Monday, August 22, 2016
Intel’s chief executive pledged to support of the former Altera’s base business including use of ARM cores and long product lead times at the first event of the merged x86 and FPGA makers. In a Q&A session he also provided some insights on the company’s acceleration strategy in light of its recent acquisition of startup Nervana.
“More than 50% of value if the [$16 billion Altera] acquisition was actually tied to growing Altera at a faster rate than it was growing,” said Brian Krzanich in the first ISDF event here.
As an example, Krzanich pledged to ship before the end of the year Altera’s flagship, the Stratix 10 FPGAs. It will wear the Intel brand and use both Intel’s 14nm process technology and be the first chip to use its embedded multi-die interconnect packaging technology.
Kraznich promised “no changes in existing or planned products” using ARM cores.
“There is no plan to yank ARM out [of FPGAs] and stick in [Intel architecture (IA)] and make you all change your programming models,” he told an audience of several hundred FPGA developers. “There are some advanced products that may like an IA core but my guess is the majority of them won’t -- that would be wasted money on our part and trouble for our customers,” he said,
“The default processor [to embed in FPGAs] will be ARM -- I want to make sure we kill any of that question or debate,” Krzainch said. “There will be some level of performance at the high end with Xeon and FPGAs – we’re shipping a co-packaged product today and we will talk about generating many more of these -- and we think there will be a class of performance at the upper end of the data center that will need these capabilities,” he said
In response to a question, Krzanich reaffirmed Intel is working on products that will combine Xeon server processors, FPGAs and 3D XPoint memories on Intel Omnipath fabrics.
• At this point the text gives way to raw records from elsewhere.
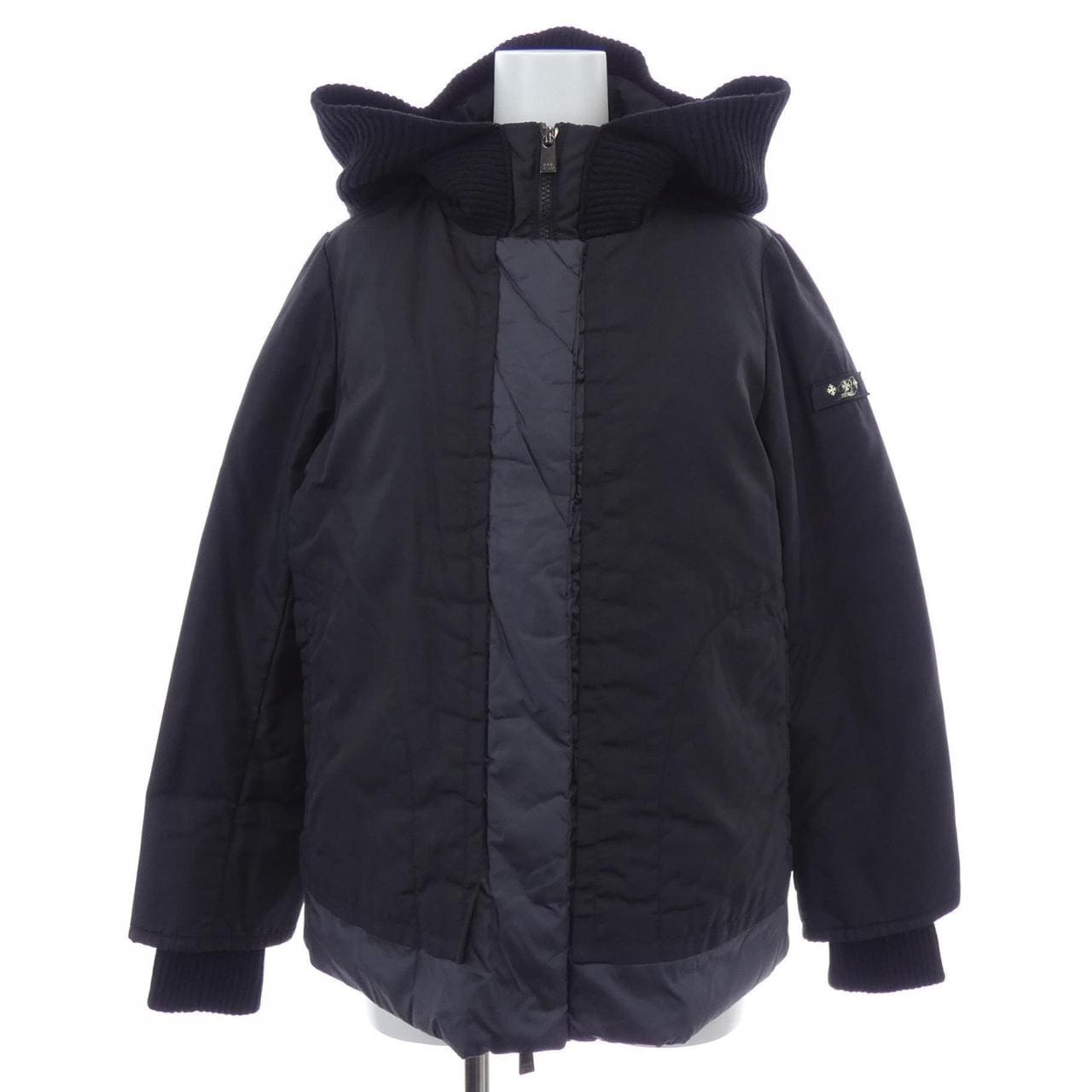 タトラス TATRAS A4158 ダウンジャケット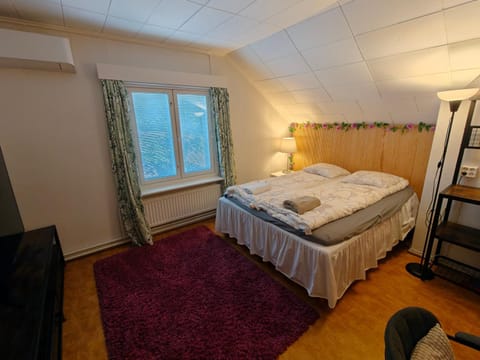 4B Stay - Best Budget Boutique Boardinghouse Apartment in Helsinki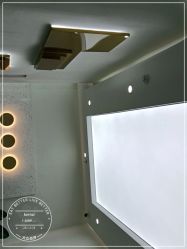-JUNO hair salon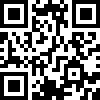 https://ibna.ir/x4FZB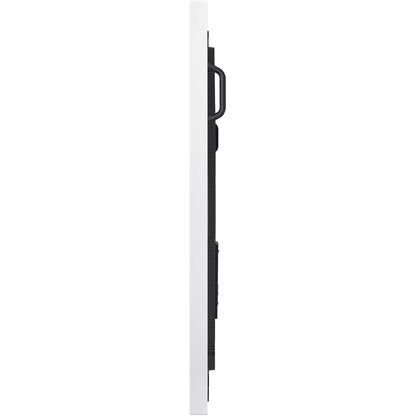 Samsung WM85B Flip Pro 85" 4K Interactive Touchscreen LED Display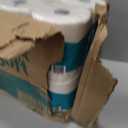 Angel Soft Toilet Paper, 24 Super Mega Rolls = 144 Regular Rolls, Soft and Strong Toilet Tissue
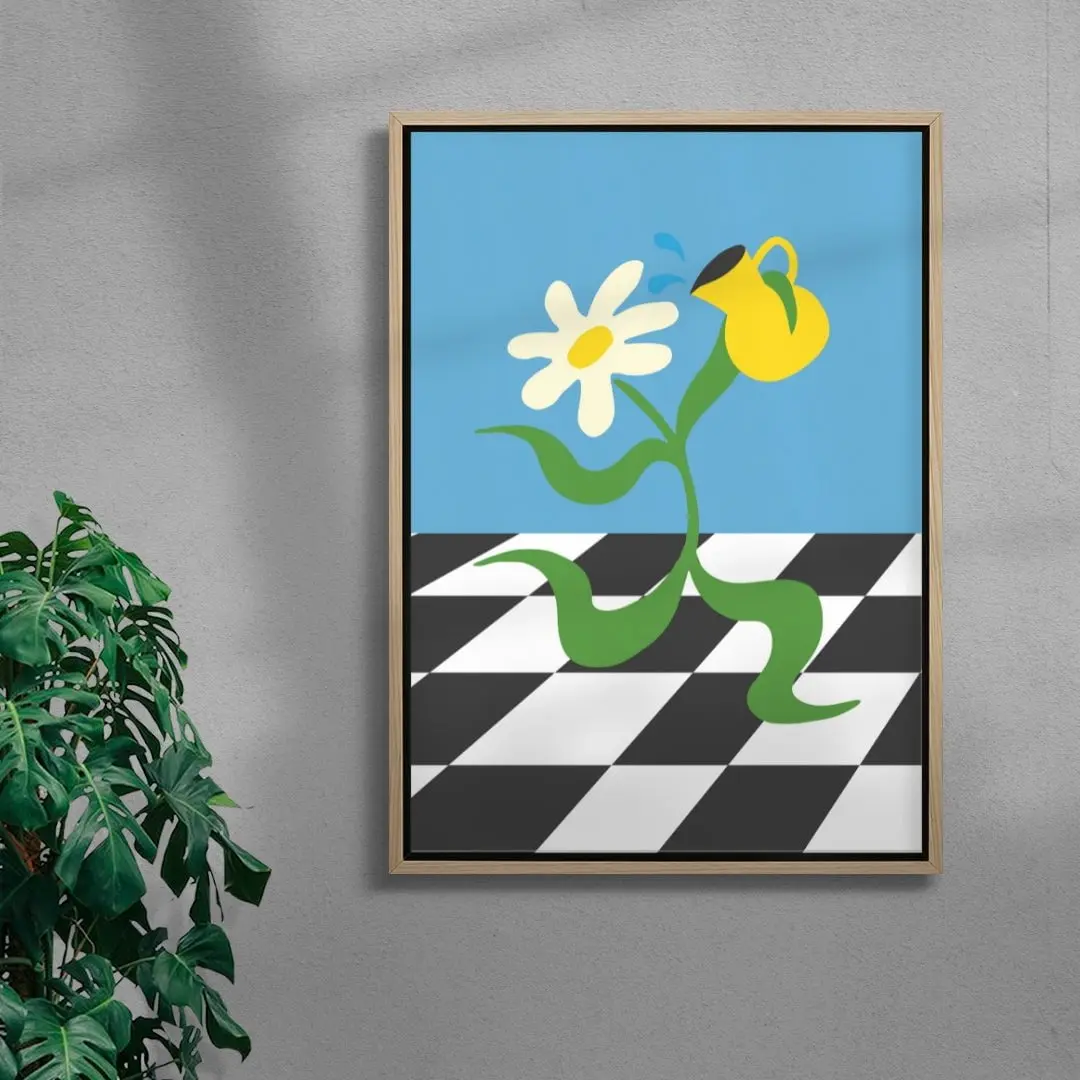 Flower 6 - Image 4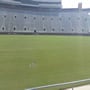 thumbnail of Section 32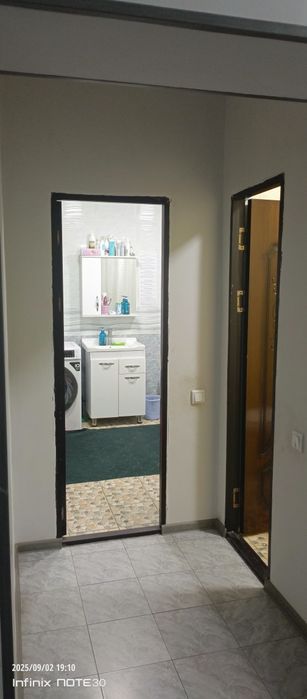 Срочна участка сотилади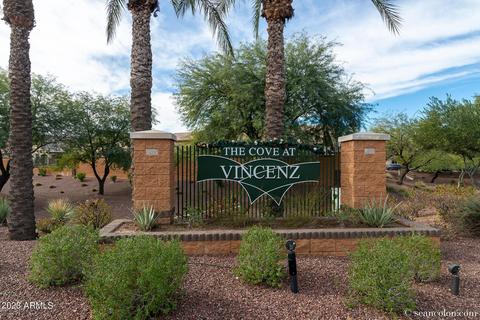 2594 E Boston St, Gilbert, AZ 85295 photo 38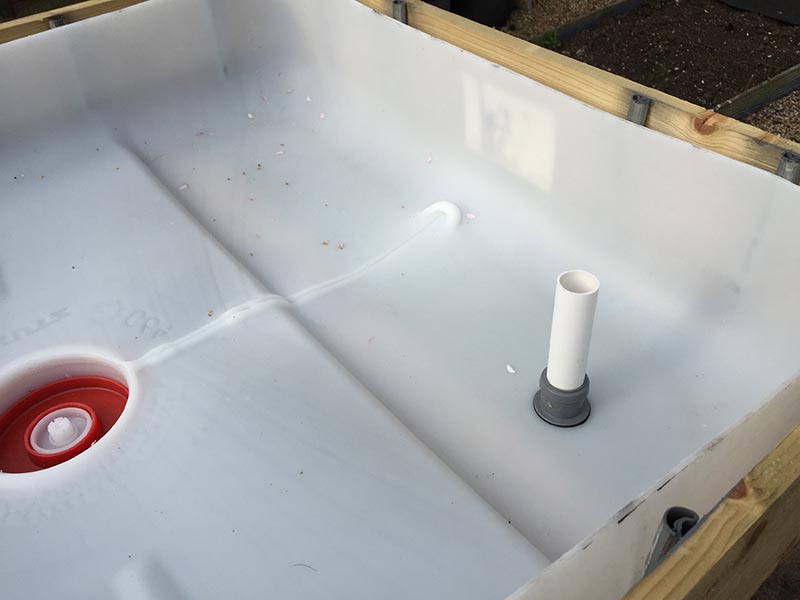 2015-04-10 17.16.51-medium.jpg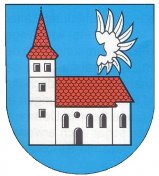 Lendsiedel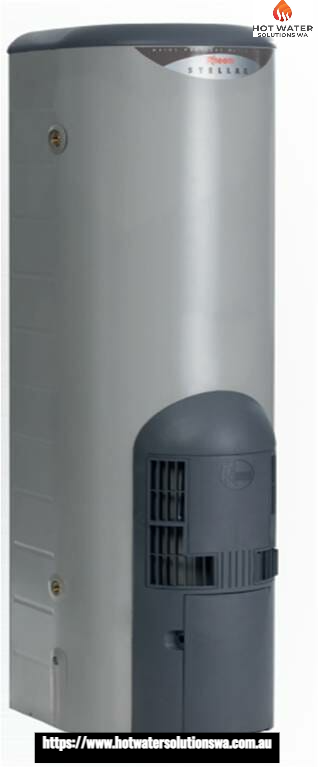 Solar hot water system Perth.png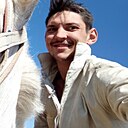 Серафим, 31 год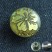 China Button Factory Wholesale Tack Brass buttons Fly Jeans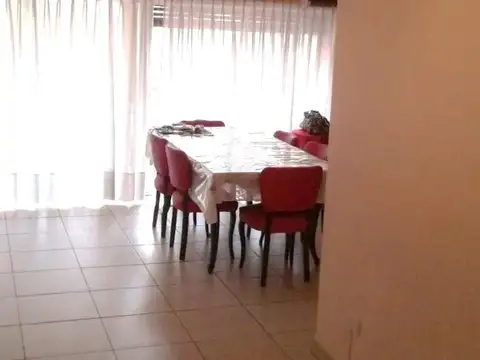 Departamento en Venta con 1 cochera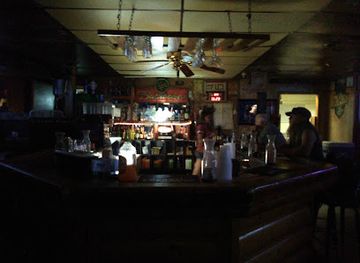 oklahoma/tulsa-metropolitan-area/bar/scotty-s-lounge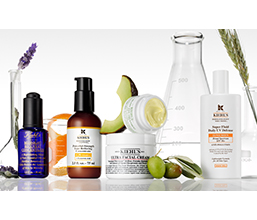 Skincare Advice
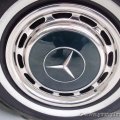 220cabrad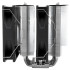 Кулер для процессора Thermalrigh Phantom Spirit 120 SE PS120-SE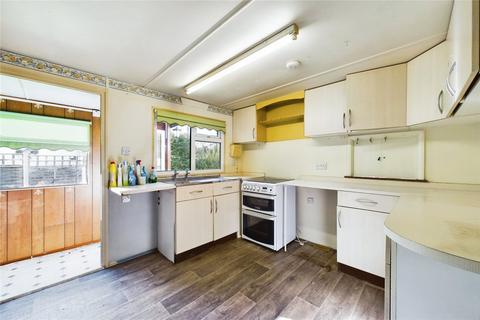 2 bedroom detached house for sale, Second Avenue, Ravenswing Park, Aldermaston, Reading, RG7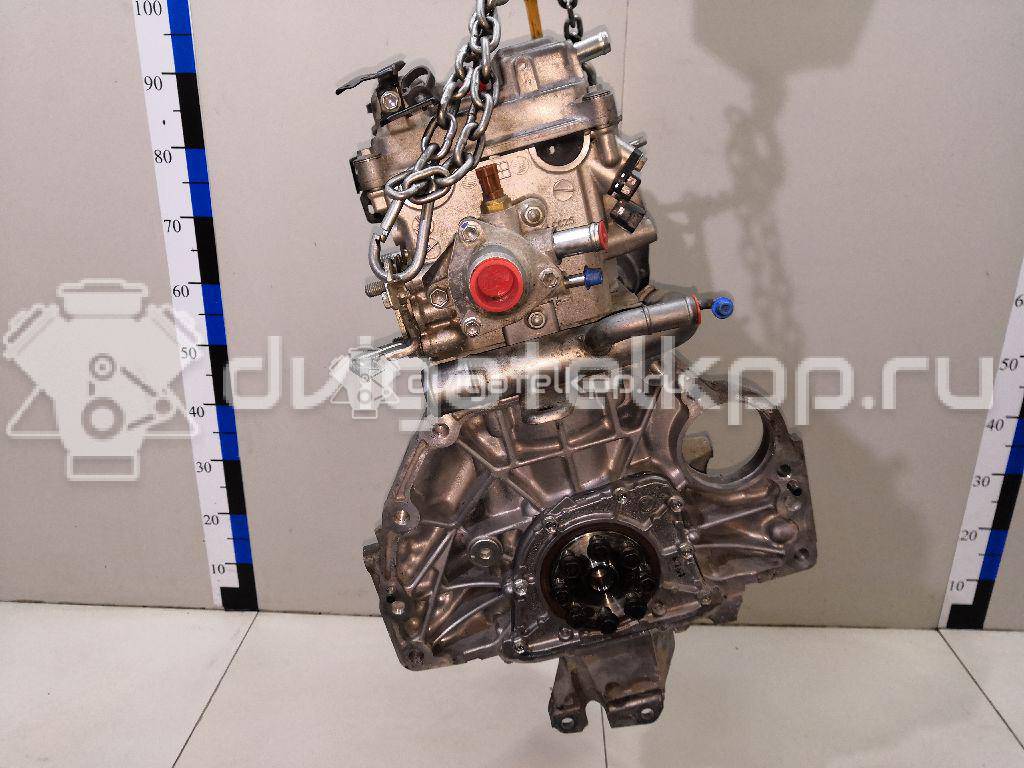 Фото Контрактный (б/у) двигатель M16A для Maruti Suzuki / Suzuki / Suzuki (Changan) 109 л.с 16V 1.6 л бензин {forloop.counter}}
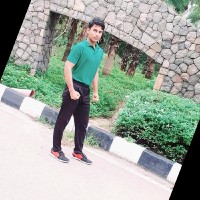 Ravendra Singh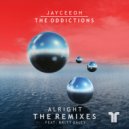 Jayceeoh & The Oddictions - Alright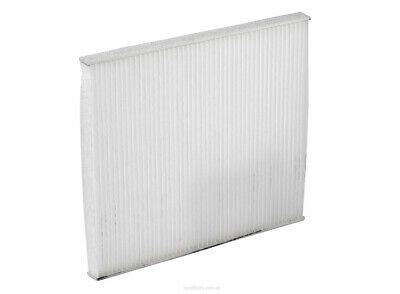 Pollen Cabin Filter Ryco RCA173P Suitable for KIA CARNIVAL CERATO SORENTO XM BL LD GRAND CARNIVAL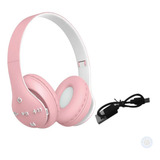 Fone Ouvido Academia Corrida Mp3 Radio Fm Cartão Sd Sem Fio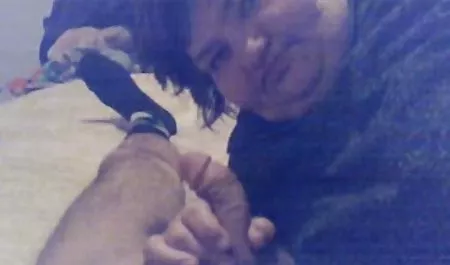 خواهران 2-1-دختران ژاپنی- كميك سكسي ترجمه شده توسط PACKMANS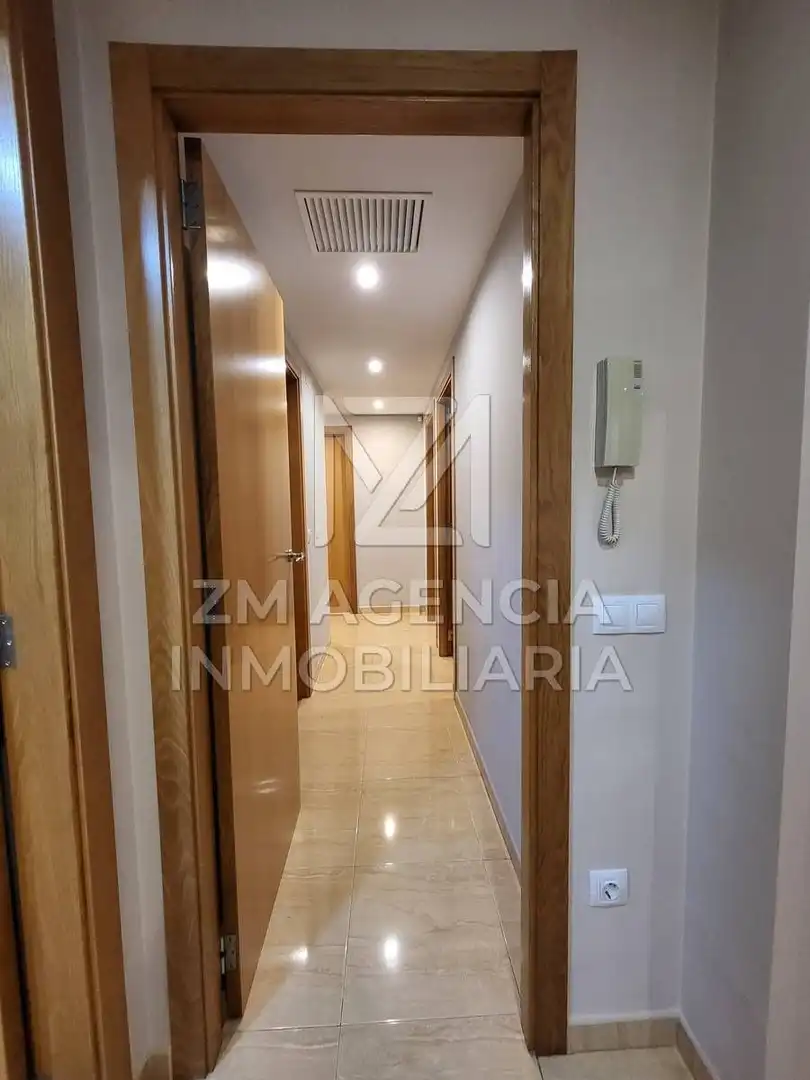 Piso en venta en Traiguera con Amueblado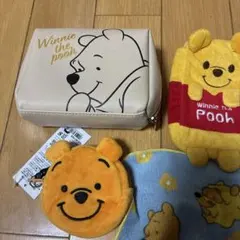 2026年最新】ディズニーまとめ売り￼の人気アイテム - メルカリ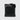 Sacoche_Versace_Jeans_Couture_noir_73YA4B24ZG128_1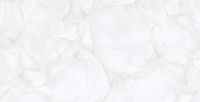 Керамогранит RS Brais White Carving 60*120см Realistic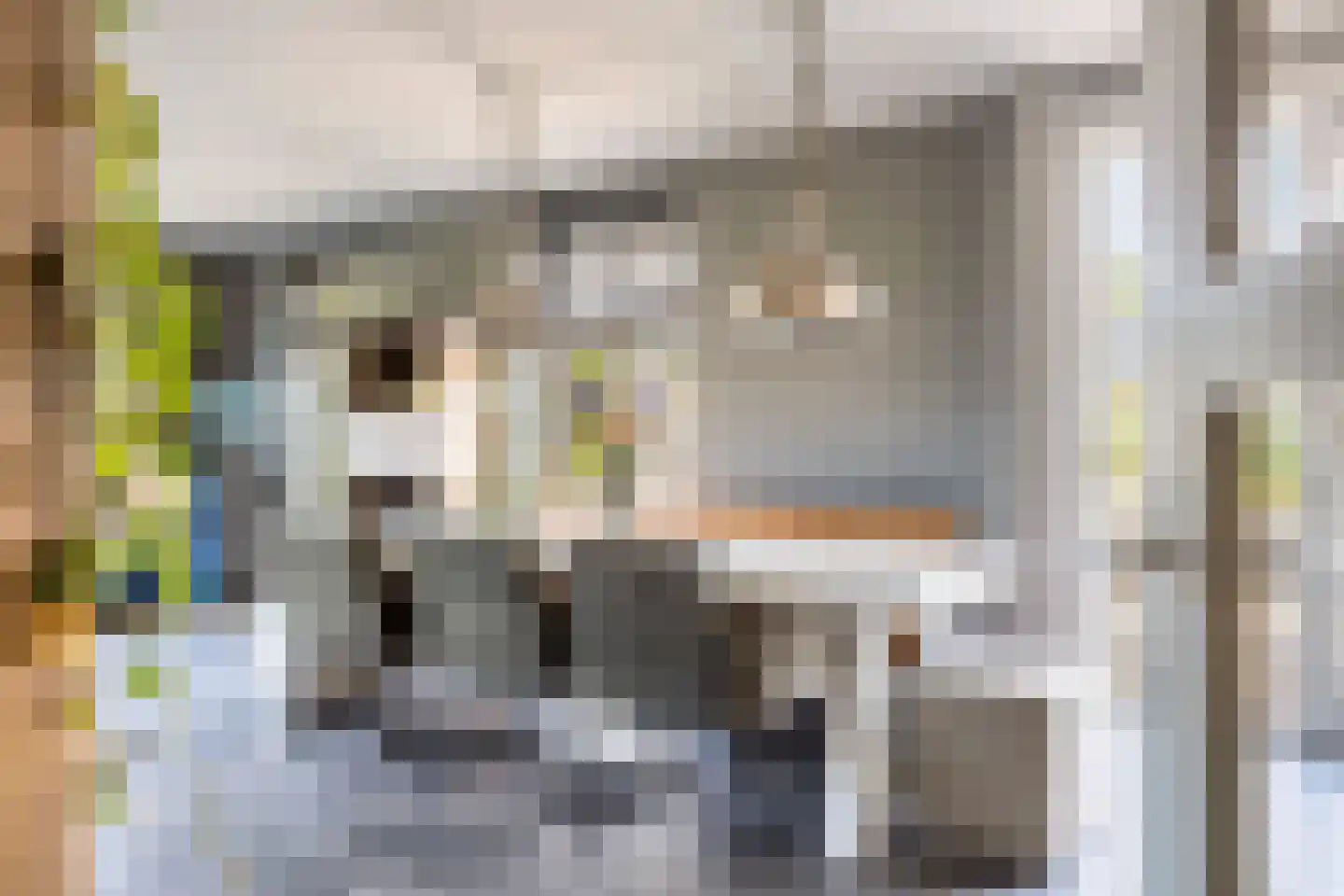 Clovislaan 8 Rijnsburg thumbnail 5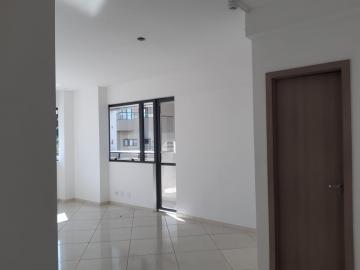 imagem 3 - Comercial - Sala em condomínio imagem 3 - Comercial - Sala em condomínio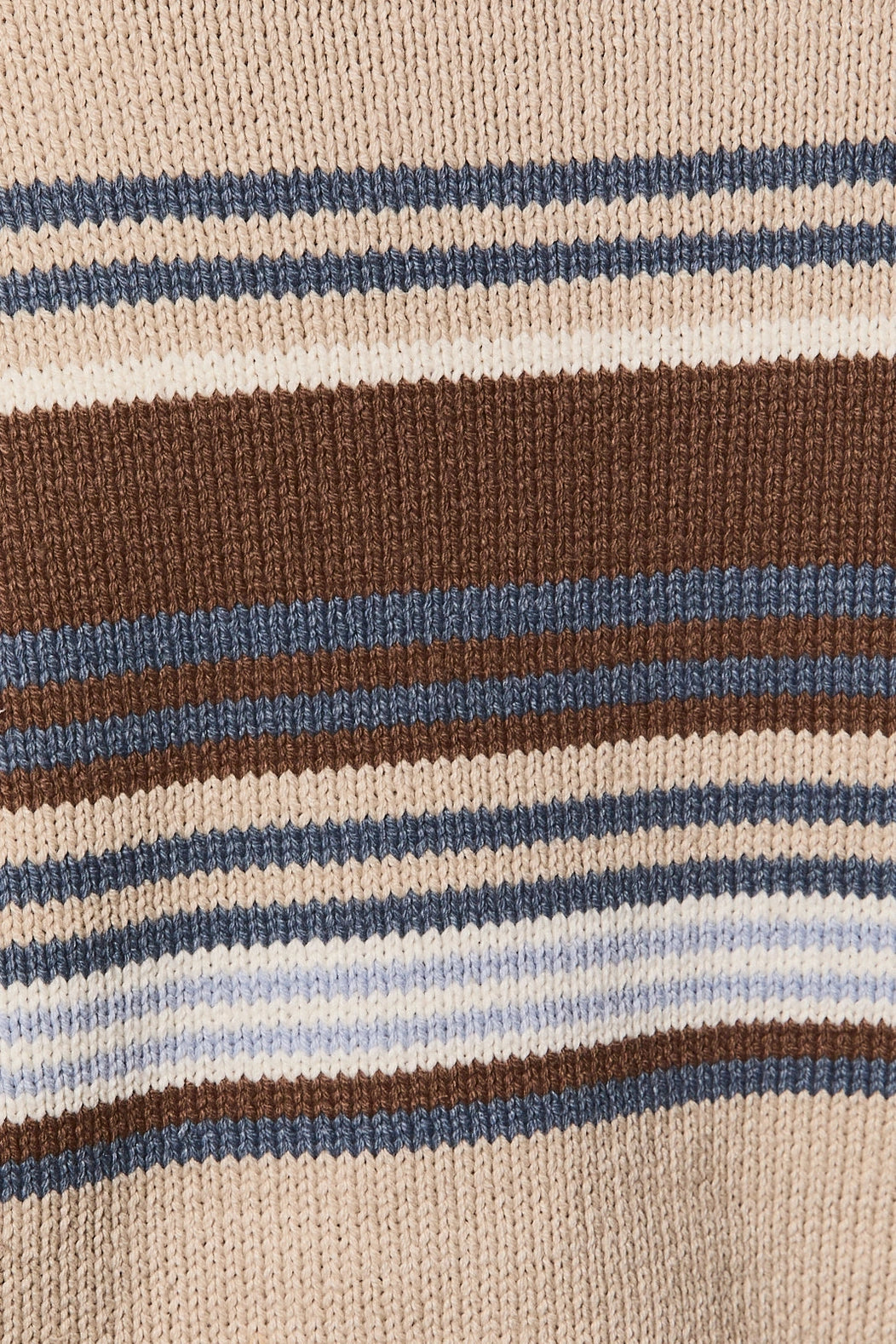 Earn Your Stripes Set
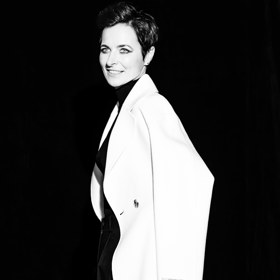 Projekt SuperWoman: Vrchní státní zástupkyně Lenka Bradáčová a její životní příběh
However he declined to give any details on such chips or when they will ship.
A year ago when the Altera deal was announced, “customers had a wait-and-see attitude and a concern we would be a data-center play,” said Dan McNamara, a former Altera executive who now manages Intel’s FPGA division. Today “customers see the investments, road maps and improvements, and I feel we’ve mitigated a lot of the concern,” he said.